Las charlas ruidosas y las salpicaduras tuvieron una consecuencia no deseada, atrajeron algo. Sin previo aviso, una lengua larga y gruesa se disparó desde la hierba alta. Se enroscó firmemente alrededor de la muñeca de una estudiante, tirando de ella hacia adelante. Su cuerpo se estrelló en el barro con un chapoteo antes de que pudiera siquiera gritar. Estaba siendo arrastrada rápidamente, demasiado rápido para reaccionar, hasta que una ráfaga aguda de viento cortó el aire. Una cuchilla de viento cortó limpiamente la lengua, seccionándola. El agarre de la criatura desapareció instantáneamente, y la estudiante colapsó de nuevo en el lodo pantanoso, jadeando por aire. Su corazón latía con fuerza, sus extremidades temblaban. Ya ni siquiera le importaba que estuviera cubierta de mugre, solo estaba aliviada de estar viva.

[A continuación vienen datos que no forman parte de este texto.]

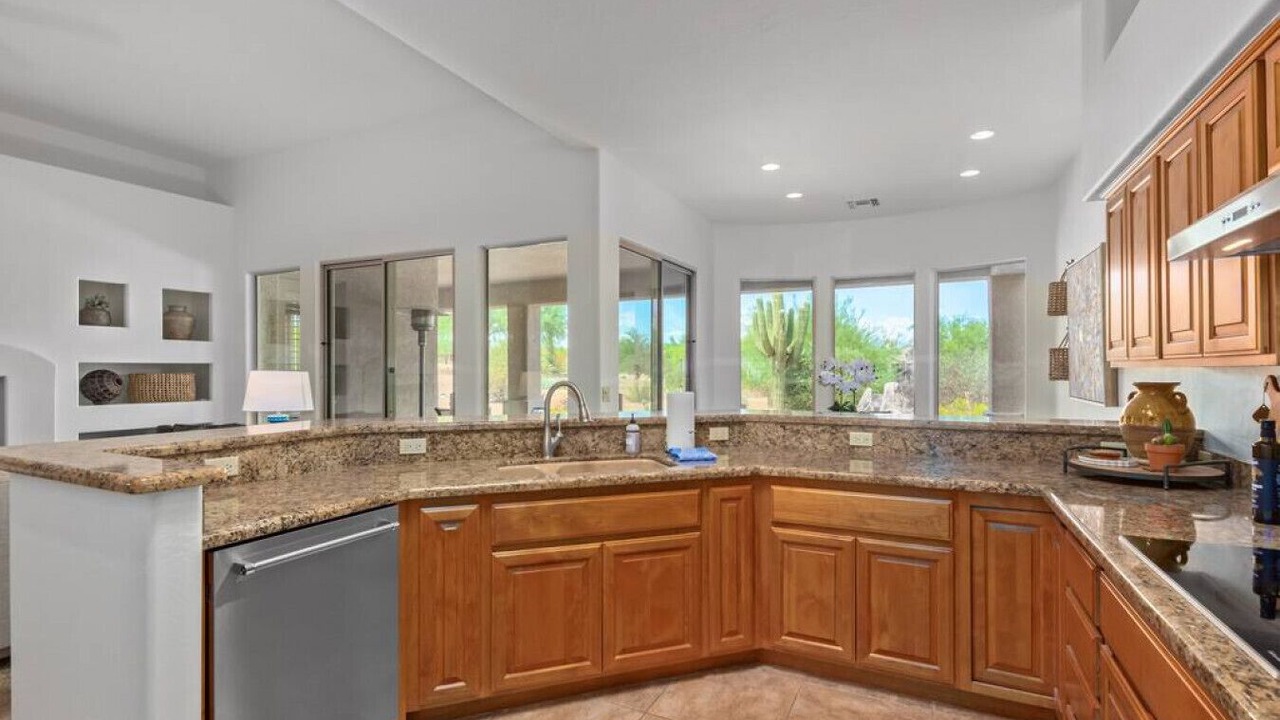 Photo of Kitchen in Tonto Verde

—G-Gracias… —exhaló, mirando a su alrededor. Sus ojos se posaron en Piba, quien le dio una pequeña sonrisa confiada. Había logrado lanzar el hechizo de viento justo a tiempo.

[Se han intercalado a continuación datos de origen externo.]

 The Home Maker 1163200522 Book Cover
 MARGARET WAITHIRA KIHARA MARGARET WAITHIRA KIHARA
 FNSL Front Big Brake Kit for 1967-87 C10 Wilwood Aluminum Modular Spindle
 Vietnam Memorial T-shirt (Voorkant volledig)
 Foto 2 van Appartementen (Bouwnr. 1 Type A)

—¡Todos ustedes necesitan estar mucho más alerta! —gritó Panla, su voz cortando el ruido—. Estamos en territorio enemigo, y están actuando como si estuviéramos en un viaje escolar. ¡Han hecho tanto ruido que me sorprende que esto sea lo primero que los atrape!
—Espera… ¿qué quieres decir? —preguntó nerviosamente un estudiante.

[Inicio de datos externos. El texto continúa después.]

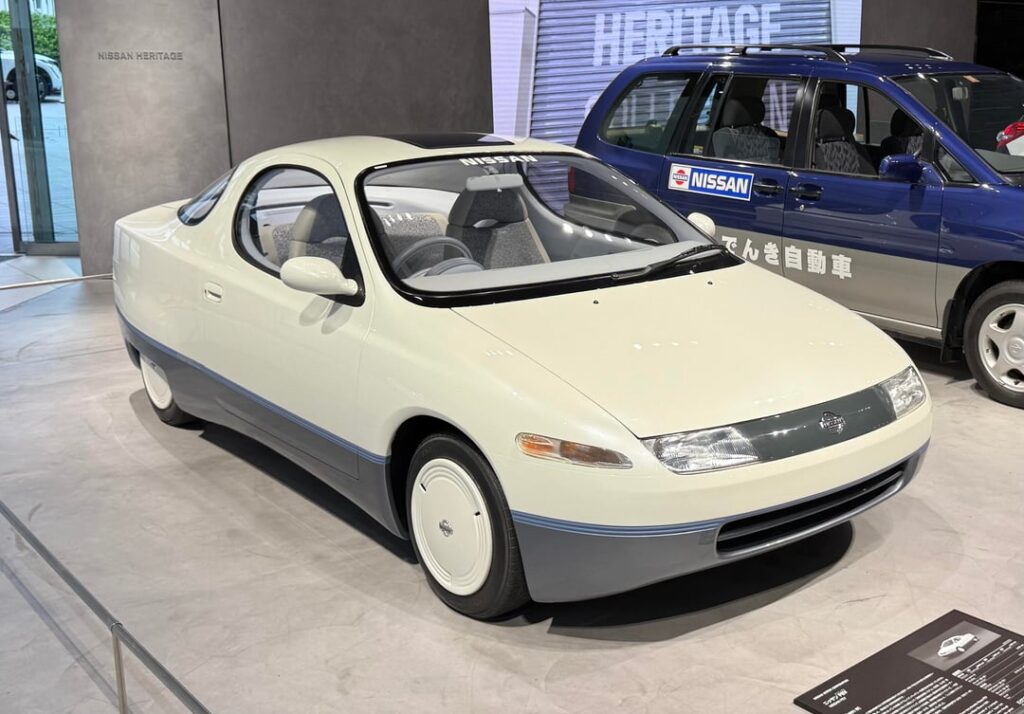 1991 Nissan FEV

—Que ya estamos rodeados —dijo Panla con gravedad.
La hierba alta se balanceaba adelante, y de entre los árboles, empezaban a asomar ojos anfibios brillantes. Extrañas bestias parecidas a ranas, de piel gruesa, hinchadas y colgando de las ramas, comenzaron a emerger. Luego, desde el mismo barro en el que estaban de pie, enormes criaturas comenzaron a elevarse. Ranas del tamaño de rinocerontes emergieron de la tierra, sus cuerpos viscosos brillaban mientras croaban gruñidos bajos y amenazantes. Redrick crujió los nudillos.
—Bueno entonces… es hora de ver de qué están hechos estos estudiantes.